▶ _Given material_

"""

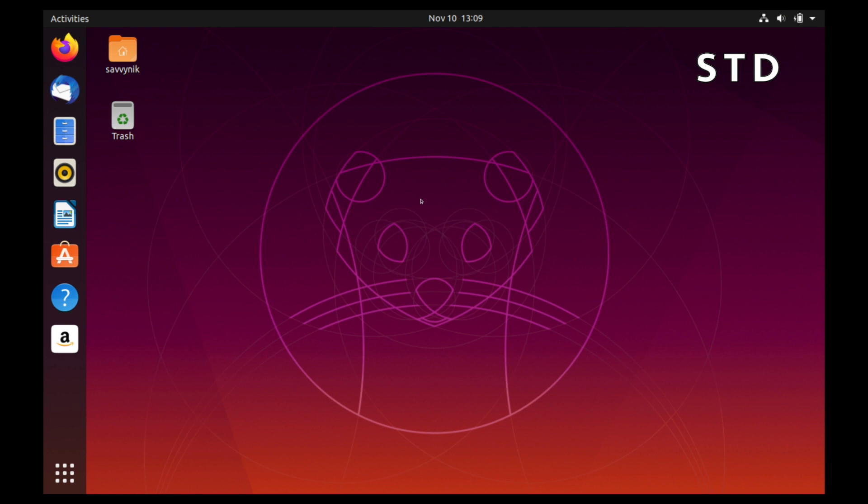What I got here in front of me is two Ubuntu 19.10 installs, one with the standard partitioning scheme and the other with the LVM partitioning scheme. The one in front of me here is the standard, so let's go ahead and take a look at what the standard partitioning scheme looks like.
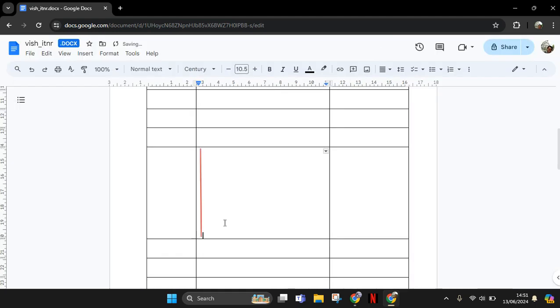And you can see the line will automatically add it inside the column. So that's all for me. Thank you so much for watching. Don't forget to like, comment, and subscribe. Also click on Thanks. Bye.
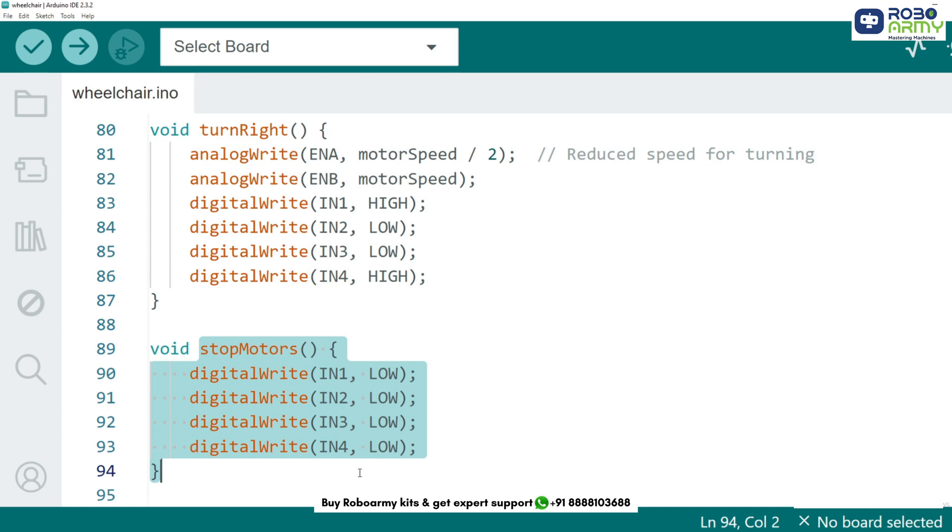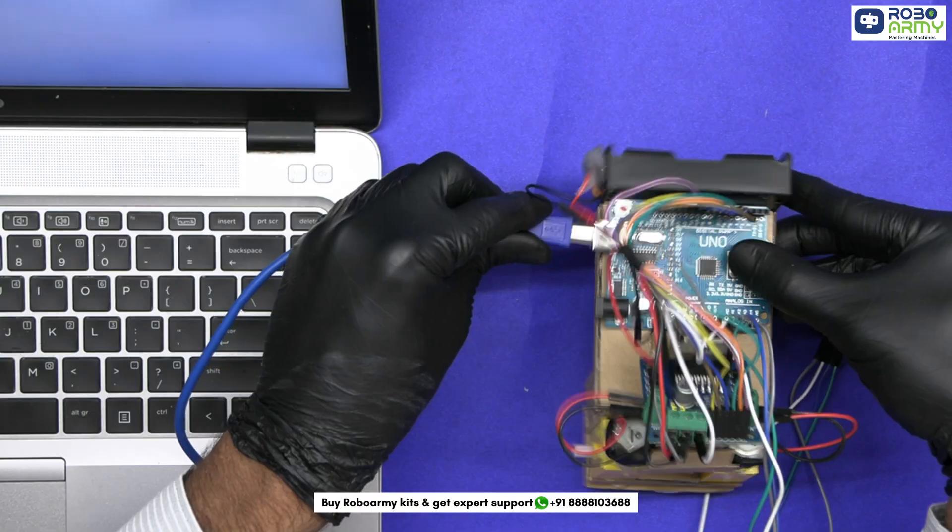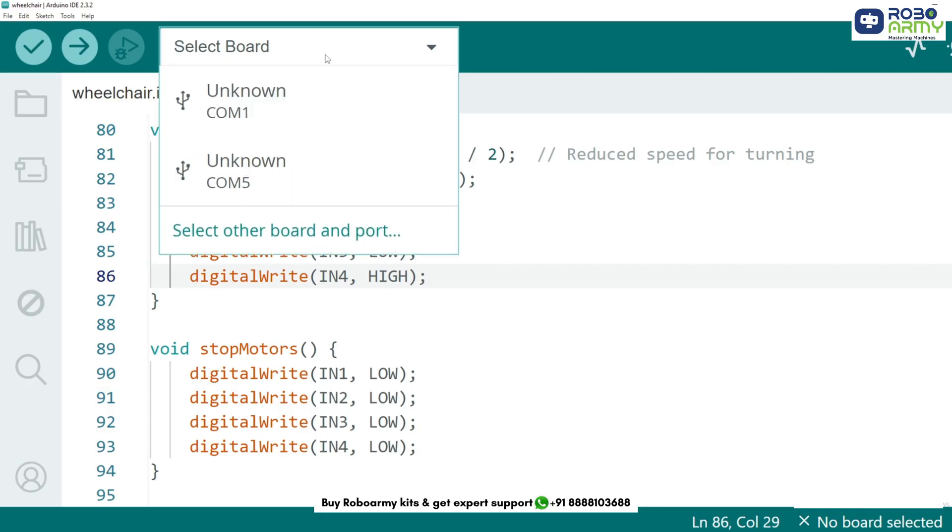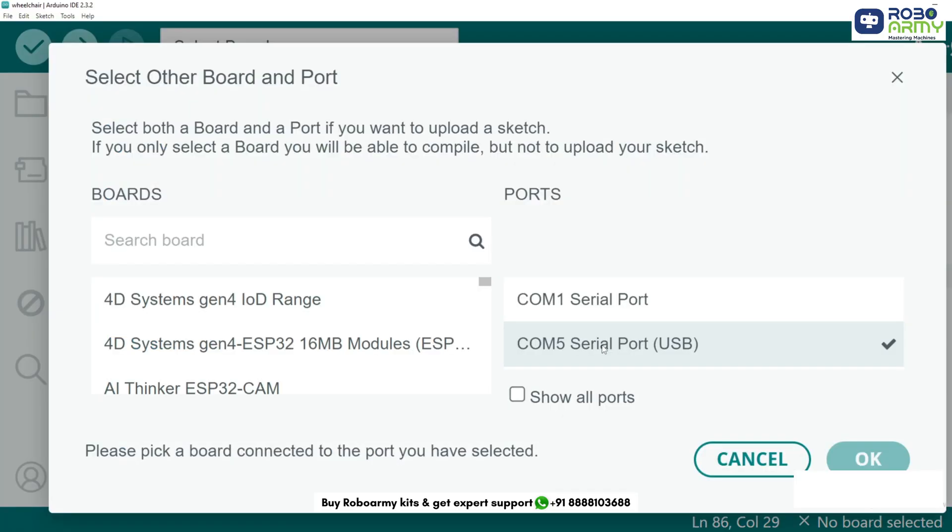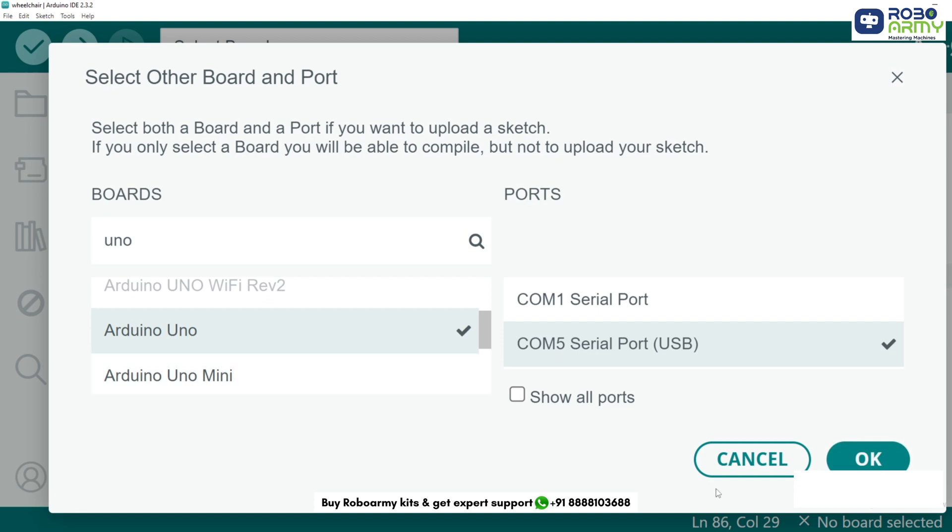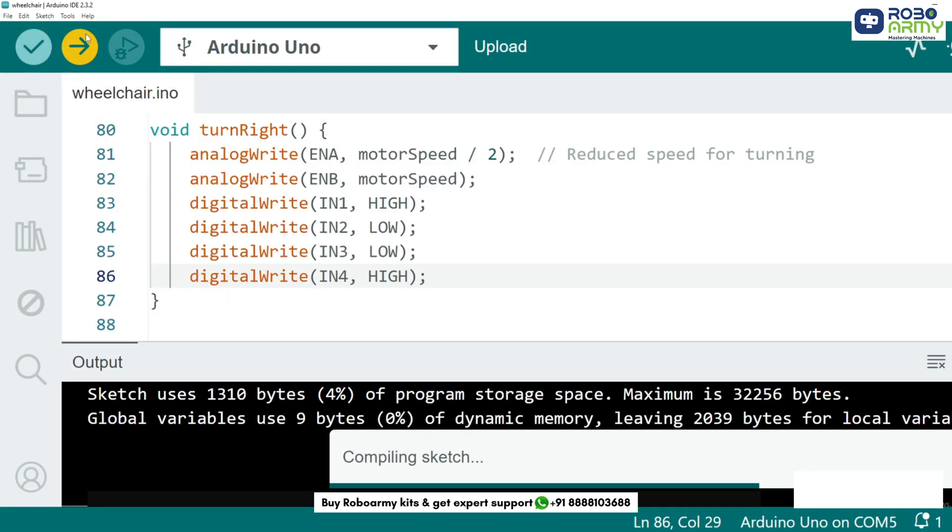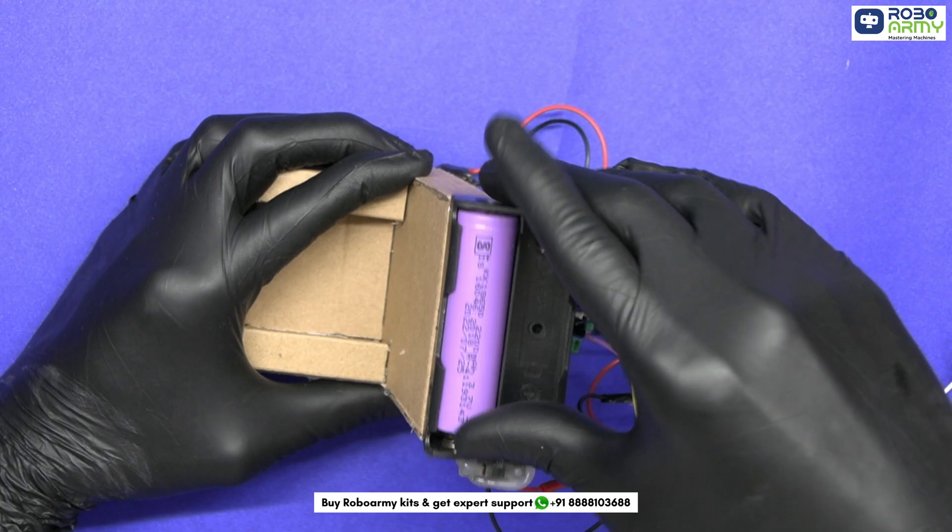Now let's upload our code to the Arduino. Connect your Arduino Uno to your computer using a USB cable. Select port and board in the Arduino IDE. Click the upload button. Once the upload is complete, let's test the project.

"""

▶ _Task brief_
Extract every line of the data exactly; pictures stay out.

▶ _Solution to this task_
What I got here in front of me is two Ubuntu 19.10 installs, one with the standard partitioning scheme and the other with the LVM partitioning scheme. The one in front of me here is the standard, so let's go ahead and take a look at what the standard partitioning scheme looks like.
And you can see the line will automatically add it inside the column. So that's all for me. Thank you so much for watching. Don't forget to like, comment, and subscribe. Also click on Thanks. Bye.
Now let's upload our code to the Arduino. Connect your Arduino Uno to your computer using a USB cable. Select port and board in the Arduino IDE. Click the upload button. Once the upload is complete, let's test the project.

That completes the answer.